Watching some of the average size players on television, I see them set up to hit wedge shots while maintaining the same 45 degree angle recommended by all the teachers. Their club length to body length has a certain relationship, within certain boundaries I can't come close to.

It's fine to suggest I get clubs 2" extra long and a few degrees upright. That would probably be close to the fitting I need, but I'll be 60 years old on Mothers Day and dealing with the increased swing weight that comes from arbitrarily increasing length is something I can't deal with anymore.

So, how do you create a set of clubs that are extra long, but retain the same swingweight as clubs made to normal lengths?

At least ONE inquiring mind wants to know, but he's a GIANT and can get really mean... :dunno:


----------



## Fourputt (Nov 18, 2006)

Butt weighting is the one thing that comes to mind. Although that increases the overall weight of the club, it will reduce the swingweight. Not sure what else you can do unless you find lighter clubheads.


----------



## stevel1017 (Apr 30, 2007)

Fourputt is right (as usual) you can change the swing weight by butt weighting (or using lead tape on the head)
understand swing weight here
Swingweight - Golf Club Swingweight


----------



## 373 (Jun 9, 2006)

I spoke to one of the nice folks at Golfworks. Here's some interesting suggestions.
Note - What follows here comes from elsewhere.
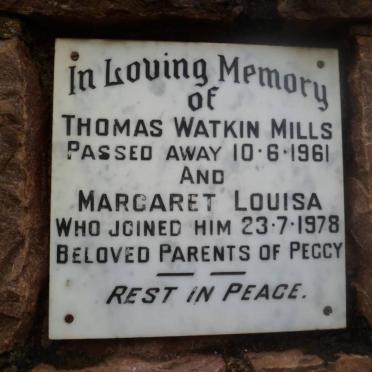 MILLS Thomas Watkin -1961 &amp; Margaret Louisa -1978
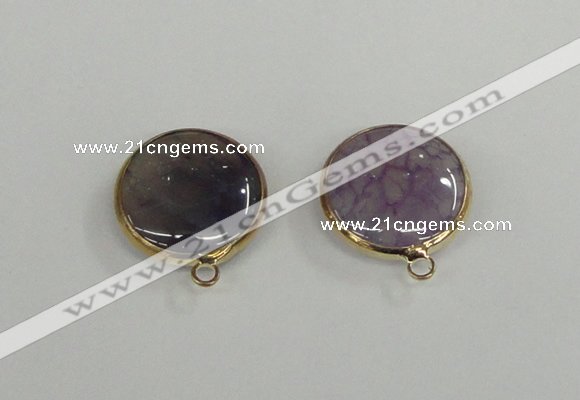 NGC391 18mm flat round agate gemstone connectors wholesale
Yes, you can butt weight the clubs and they sell the parts to do all you'd need. That's the most common way and as you might expect, that's how they recommend because they sell the parts for it. Nothing else we discussed is for sure.

There are a few clubheads with weight screws in them. They speculated that you could reduce the weight of the screw or the weight behind the screw and compromise the swingweight downwards.

Another suggestion was lighter shafts.

The most interesting suggestion, particularly since I'm so tall, was to vary the length of the clubs by less than the usual inch difference until you get to the 9 iron and wedges, leaving them all the same. To get really crazy, a combination of lightweight shafts, butt weighting and variations of the clubheads could build a set of very heavy clubs overall, but at 2" over long, they thought something in the realm of D2 could be maintained.

All this goes without saying that a good fitting for lie would be required.


----------



## Fourputt (Nov 18, 2006)

DennisM said:


> I spoke to one of the nice folks at Golfworks. Here's some interesting suggestions.
> 
> Yes, you can butt weight the clubs and they sell the parts to do all you'd need. That's the most common way and as you might expect, that's how they recommend because they sell the parts for it. Nothing else we discussed is for sure.
> 
> ...


Just one error in this... putting a lighter shaft on a clubhead may decrease its overall weight, but in most cases it increases the swingweight.


----------